# Overview

The purpose of this notebook is to combine data from different sources and clean it. Two data sets are saved at the end:
* **Dataset 1:** Population & diabetes for all counties, 2004 to 2017. This data will only be used for exploring nationwide trends. 
* **Dataset 2:** Diabetes and census demographic (ACS) data for counties with popultation >65,000, 2006 to 2017. This data set will be used for the predictive model.



**Notes**
* All data from Puerto Rico has been removed from both data sets due to a lack of explanatory data (education level & age ratio). 
* Counties missing four or more years worth of ACS data (due to changing population numbers, either over or under the 65,000 population limit) are removed from dataset 2. 
* In any counties missing three or less years worth of data, the data is interpolated or backfilled if no points exist preceeding that year. 
* Much of the counties have null values for the pacific islander race for all years; if so, the null values are replaced with 0.


# Code Navigation
* [1. Load Packages & Data](#1.LoadPackages&Data)
* [2. All Counties](#2.AllCounties)
    * [2.1. Prep: Population Data](#2.1.Prep:PopulationData)
    * [2.2. Prep: Age Ratio Data](#2.2.Prep:AgeRatioData)
    * [2.3. Prep: Diabetes Data](#2.3.Prep:DiabetesData)
    * [2.4. Combine: All County Data](#2.4.Combine:AllCountyData)
* [3. Populous Counties + ACS](#3.PopulousCounties+ACS)
    * [3.1. Prep: ACS Demographic Data](#3.1.Prep:ACSDemographicData)
    * [3.2. Combine Demographic & Diabetes Data](#3.2.Combine:Demographic&DiabetesData)
* [4. Saving Data](#4.SavingData)

## 1. Load Packages & Data <a class="anchor" id="1.LoadPackages&Data"></a>

In [1]:
import requests
import pandas as pd
import csv
import os
import sys
from glob import glob
import numpy as np
import matplotlib.pyplot as plt
import geopandas as gpd
from tqdm import tqdm

pd.set_option('display.max_rows', None)
pd.set_option('display.max_columns', None)

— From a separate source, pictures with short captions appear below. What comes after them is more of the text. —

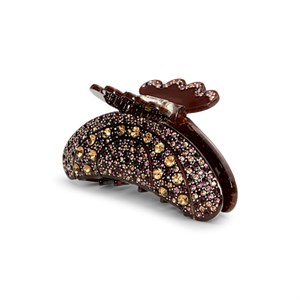 SUI AVA - Helen, Chocolate Fondant Middle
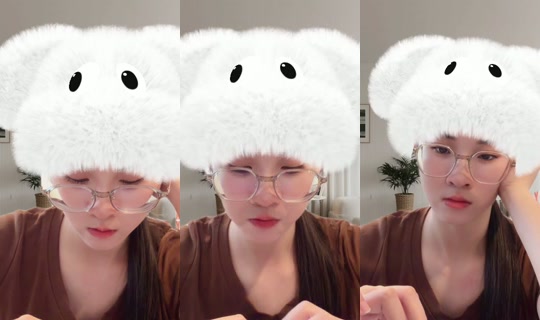 1060296503's Stream - Jul 21, 2026, 8:05 AM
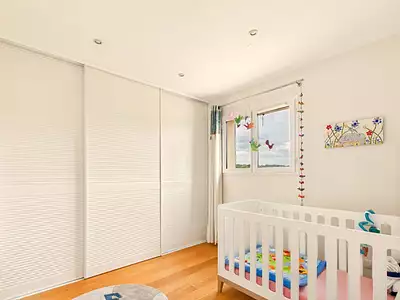 Maison, 208 m²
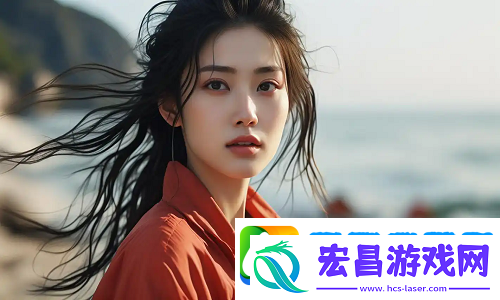 夜夜欢好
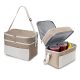 Bolsa-Termica-Dupla-14L-15451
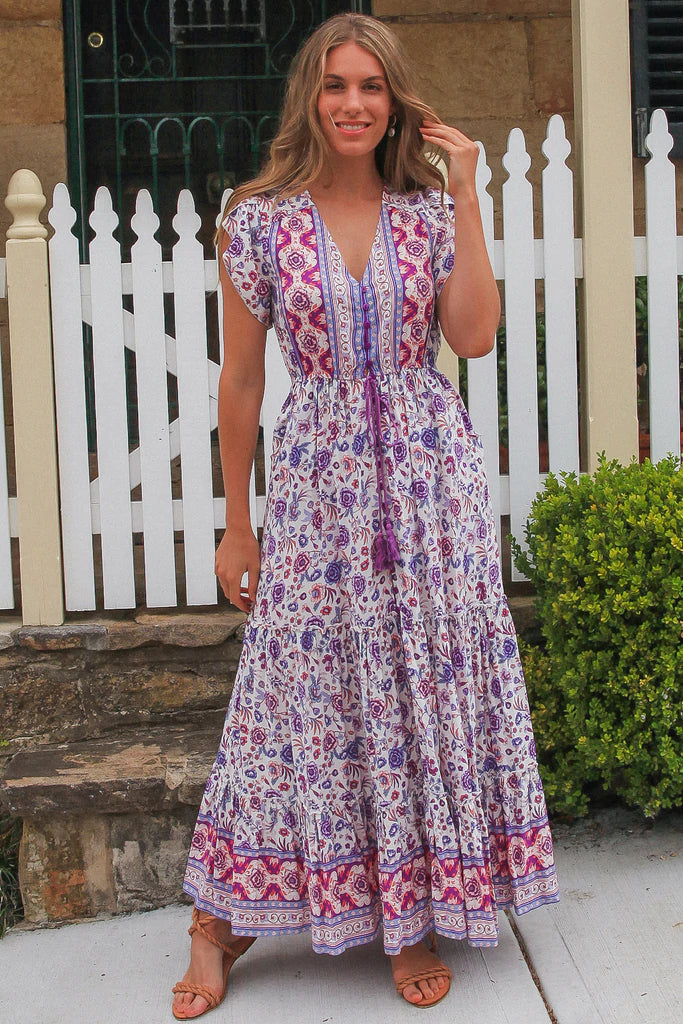 ~ Boho Clothing ~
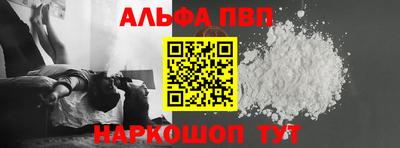 не бодяженный Ликино-Дулёво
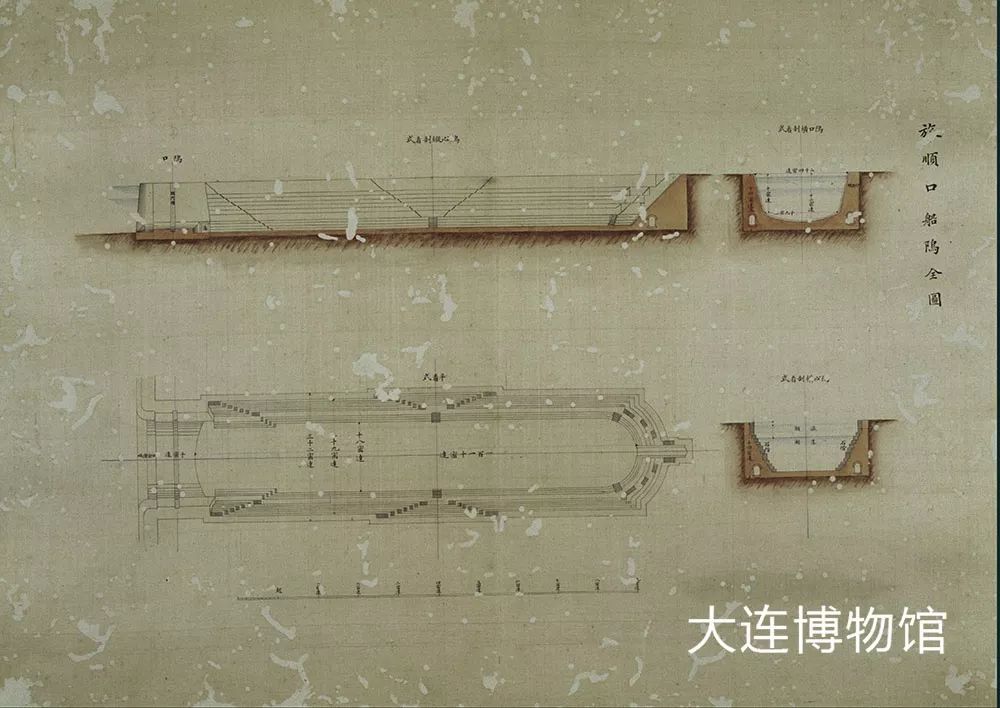 微信圖片_20200226132955.jpg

#Change directory to project root directory
os.chdir("..")

#Import custom code
from src.code_flow.CreateJupyterNotebookHeadings import jupyternotebookheadings1, jupyternotebookheadings2

In [2]:
#Read in csv from raw data folder
df_diabetes=pd.read_csv('data/raw/diabetes_data_2004_2017.csv',index_col=0)
df_census=pd.read_csv('data/raw/ACS_data_2006_2019.csv',index_col=0)
df_pop=pd.read_csv('data/raw/population_est_2000_2019.csv',index_col=0)
df_pop_age=pd.read_csv('data/raw/population_age_ratio_2010.csv',index_col=0)

## 2. All Counties <a class="anchor" id="2.AllCounties"></a>

### 2.1. Prep: Population Data <a class="anchor" id="2.1.Prep:PopulationData"></a>

In [3]:
#Obtain year from date data, convert to an integer
df_pop.year=pd.to_datetime(df_pop.year).dt.year.astype('int64')

#Convert the value column to type float
df_pop.value=df_pop.value.astype('float64')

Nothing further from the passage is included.